Su respuesta es clara: aunque hay proyectos que ya están en marcha, él viene con los suyos propios: “quiero implantar una alcaldía de barrios que actualmente no existe. Un alcalde no debe estar todo el tiempo en un despacho. Tiene que salir a la calle a escuchar las propuestas y meterse en el despacho correspondiente determinados días. Eso es lo que te da la cercanía con el pueblo, lo que te mide con el ciudadano porque tienes el contacto de la gente constantemente. Otra cuestión es empezar a hablar de creación de empleo. He conocido diferentes gobiernos pero nadie se ha enfrentado a mantener a las empresas y cuidarlas para que no se vayan y se fije riqueza al territorio”.
Otro de los puntos claves es el de la nacional 435: “Trigueros, cuando se creó la nueva obra de la nacional 435, quedó aislado.
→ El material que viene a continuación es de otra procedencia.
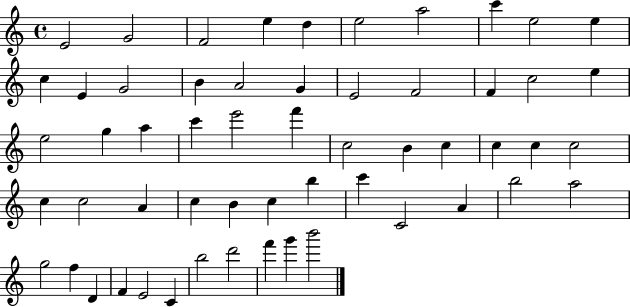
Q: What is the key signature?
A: C major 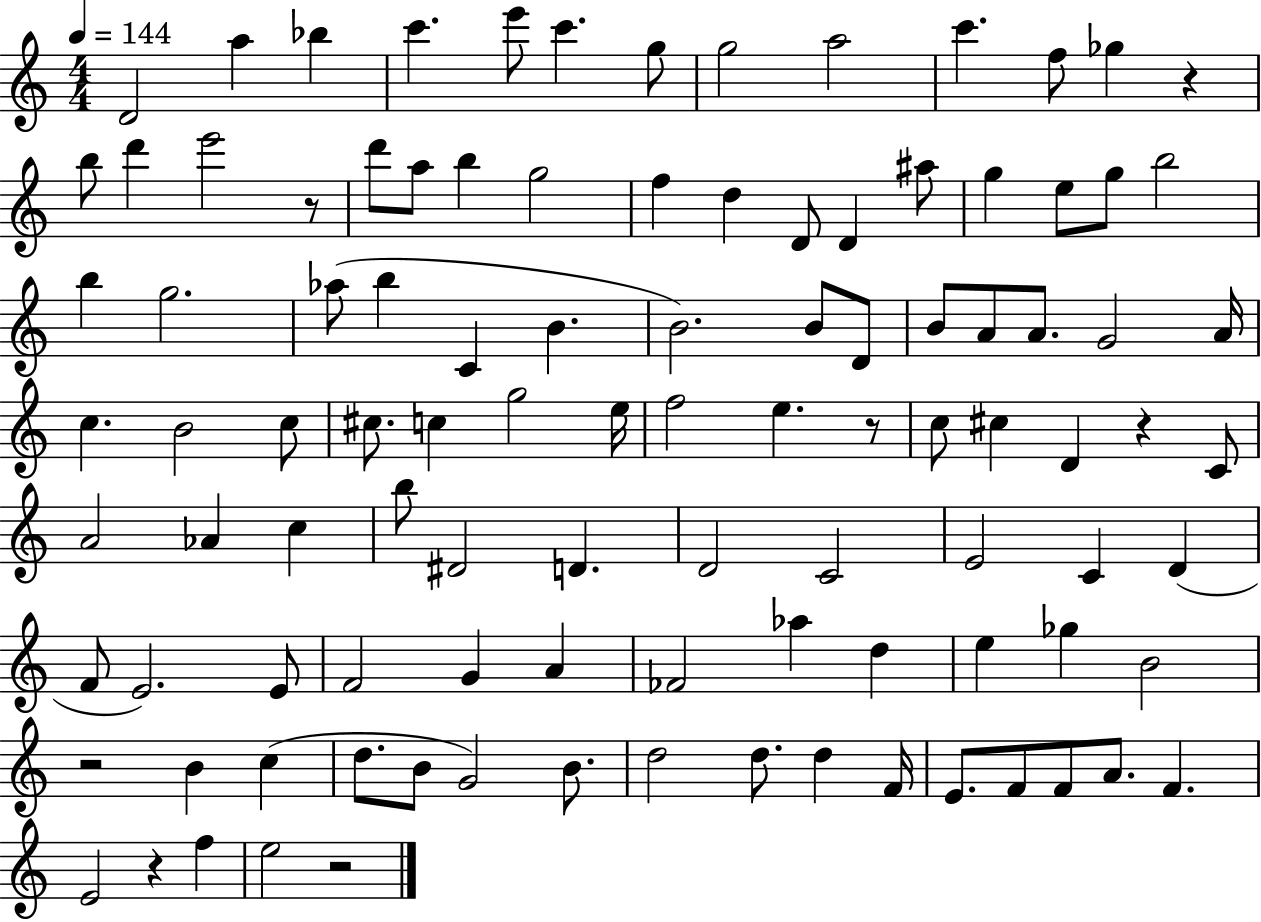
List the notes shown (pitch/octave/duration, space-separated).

D4/h A5/q Bb5/q C6/q. E6/e C6/q. G5/e G5/h A5/h C6/q. F5/e Gb5/q R/q B5/e D6/q E6/h R/e D6/e A5/e B5/q G5/h F5/q D5/q D4/e D4/q A#5/e G5/q E5/e G5/e B5/h B5/q G5/h. Ab5/e B5/q C4/q B4/q. B4/h. B4/e D4/e B4/e A4/e A4/e. G4/h A4/s C5/q. B4/h C5/e C#5/e. C5/q G5/h E5/s F5/h E5/q. R/e C5/e C#5/q D4/q R/q C4/e A4/h Ab4/q C5/q B5/e D#4/h D4/q. D4/h C4/h E4/h C4/q D4/q F4/e E4/h. E4/e F4/h G4/q A4/q FES4/h Ab5/q D5/q E5/q Gb5/q B4/h R/h B4/q C5/q D5/e. B4/e G4/h B4/e. D5/h D5/e. D5/q F4/s E4/e. F4/e F4/e A4/e. F4/q. E4/h R/q F5/q E5/h R/h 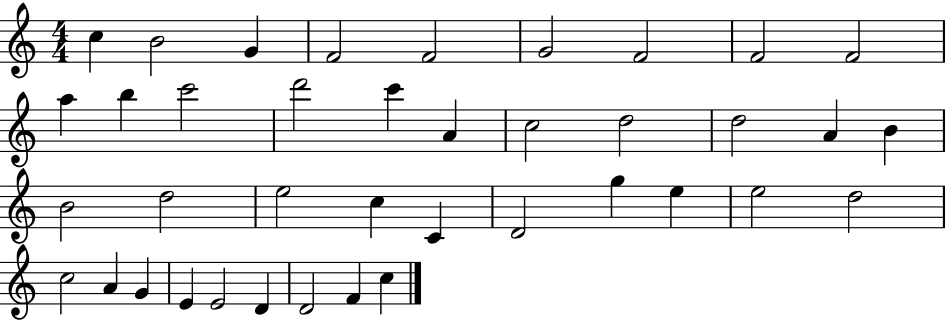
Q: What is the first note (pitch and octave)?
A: C5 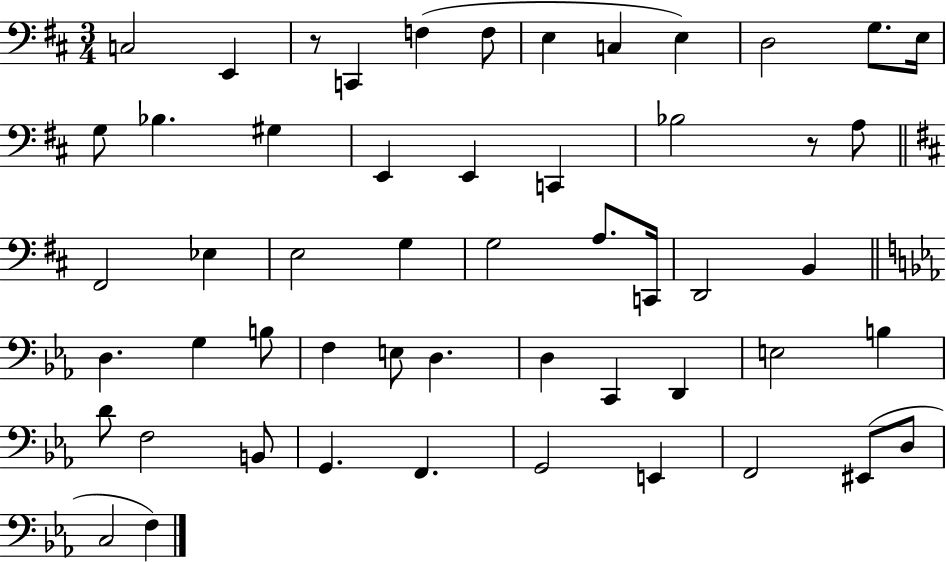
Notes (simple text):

C3/h E2/q R/e C2/q F3/q F3/e E3/q C3/q E3/q D3/h G3/e. E3/s G3/e Bb3/q. G#3/q E2/q E2/q C2/q Bb3/h R/e A3/e F#2/h Eb3/q E3/h G3/q G3/h A3/e. C2/s D2/h B2/q D3/q. G3/q B3/e F3/q E3/e D3/q. D3/q C2/q D2/q E3/h B3/q D4/e F3/h B2/e G2/q. F2/q. G2/h E2/q F2/h EIS2/e D3/e C3/h F3/q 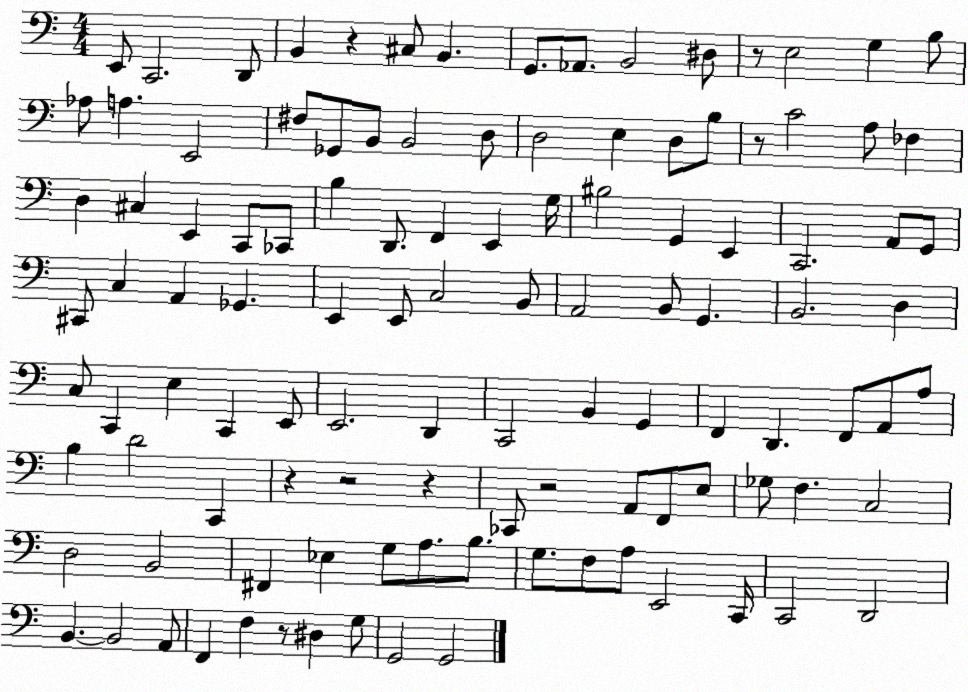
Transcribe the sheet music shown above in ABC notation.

X:1
T:Untitled
M:4/4
L:1/4
K:C
E,,/2 C,,2 D,,/2 B,, z ^C,/2 B,, G,,/2 _A,,/2 B,,2 ^D,/2 z/2 E,2 G, B,/2 _A,/2 A, E,,2 ^F,/2 _G,,/2 B,,/2 B,,2 D,/2 D,2 E, D,/2 B,/2 z/2 C2 A,/2 _F, D, ^C, E,, C,,/2 _C,,/2 B, D,,/2 F,, E,, G,/4 ^B,2 G,, E,, C,,2 A,,/2 G,,/2 ^C,,/2 C, A,, _G,, E,, E,,/2 C,2 B,,/2 A,,2 B,,/2 G,, B,,2 D, C,/2 C,, E, C,, E,,/2 E,,2 D,, C,,2 B,, G,, F,, D,, F,,/2 A,,/2 A,/2 B, D2 C,, z z2 z _C,,/2 z2 A,,/2 F,,/2 E,/2 _G,/2 F, C,2 D,2 B,,2 ^F,, _E, G,/2 A,/2 B,/2 G,/2 F,/2 A,/2 E,,2 C,,/4 C,,2 D,,2 B,, B,,2 A,,/2 F,, F, z/2 ^D, G,/2 G,,2 G,,2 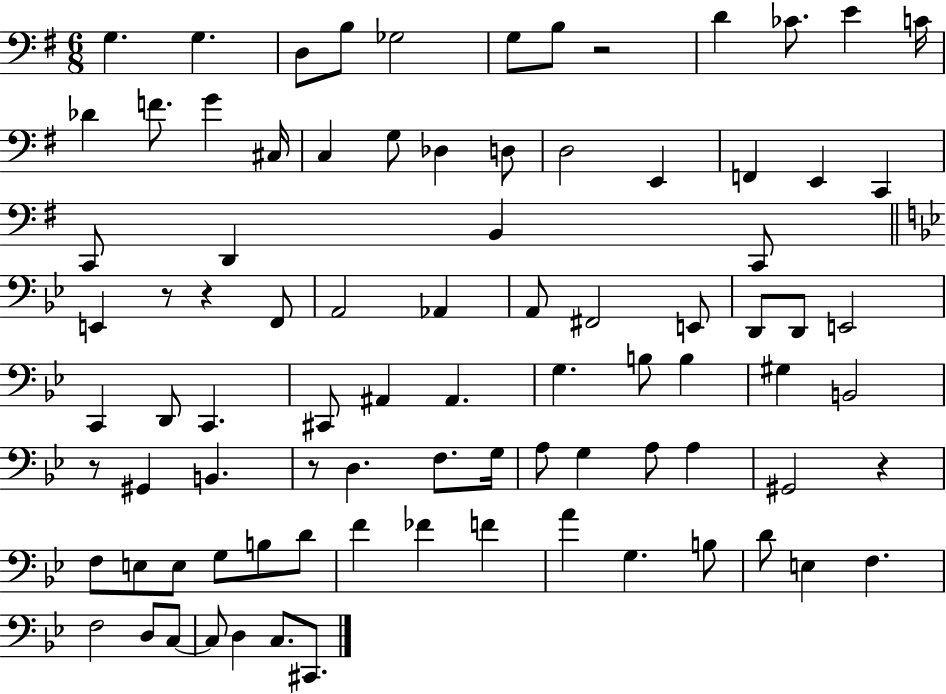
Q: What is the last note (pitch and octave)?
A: C#2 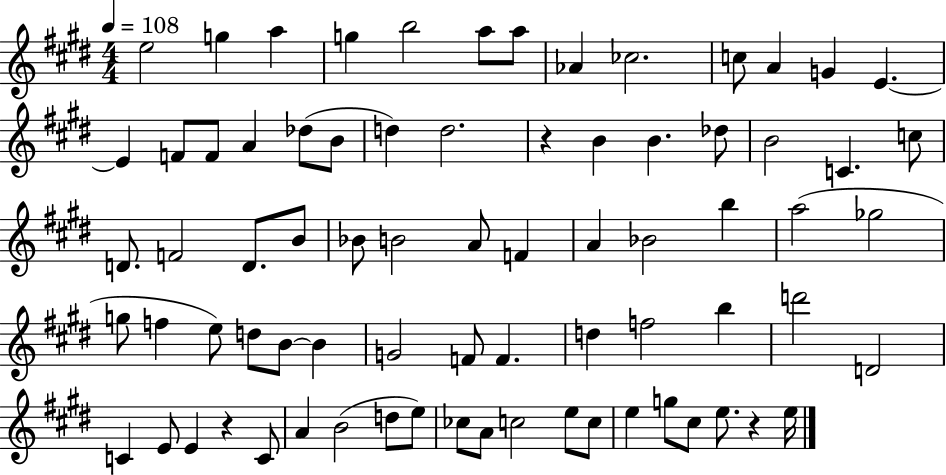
E5/h G5/q A5/q G5/q B5/h A5/e A5/e Ab4/q CES5/h. C5/e A4/q G4/q E4/q. E4/q F4/e F4/e A4/q Db5/e B4/e D5/q D5/h. R/q B4/q B4/q. Db5/e B4/h C4/q. C5/e D4/e. F4/h D4/e. B4/e Bb4/e B4/h A4/e F4/q A4/q Bb4/h B5/q A5/h Gb5/h G5/e F5/q E5/e D5/e B4/e B4/q G4/h F4/e F4/q. D5/q F5/h B5/q D6/h D4/h C4/q E4/e E4/q R/q C4/e A4/q B4/h D5/e E5/e CES5/e A4/e C5/h E5/e C5/e E5/q G5/e C#5/e E5/e. R/q E5/s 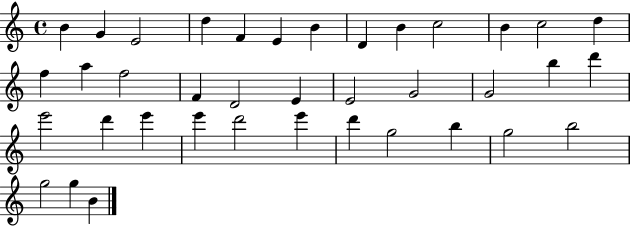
{
  \clef treble
  \time 4/4
  \defaultTimeSignature
  \key c \major
  b'4 g'4 e'2 | d''4 f'4 e'4 b'4 | d'4 b'4 c''2 | b'4 c''2 d''4 | \break f''4 a''4 f''2 | f'4 d'2 e'4 | e'2 g'2 | g'2 b''4 d'''4 | \break e'''2 d'''4 e'''4 | e'''4 d'''2 e'''4 | d'''4 g''2 b''4 | g''2 b''2 | \break g''2 g''4 b'4 | \bar "|."
} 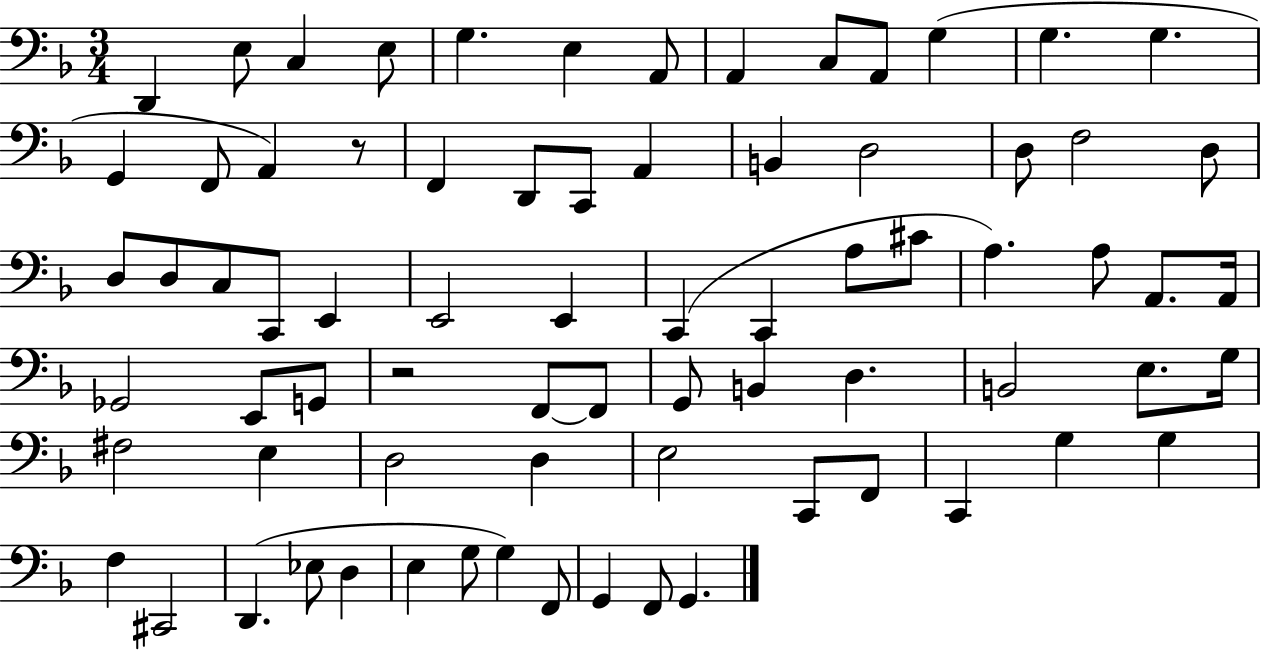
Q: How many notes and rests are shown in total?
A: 75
Esa carretera nos impide el acceso directo, pero sí que tenemos una calle que nos une. El objetivo es crear un acceso a esa carretera que nos conectaría al Dolmen de Soto y la gente entraría con más frecuencia a Trigueros”. La segunda fase de la obra sería hacer un bulevar en la dicha carretera. Por debajo pasarían los coches y la parte superior se convertiría en una zona de ocio quedando así Trigueros "más conectado que nunca con el resto del mundo".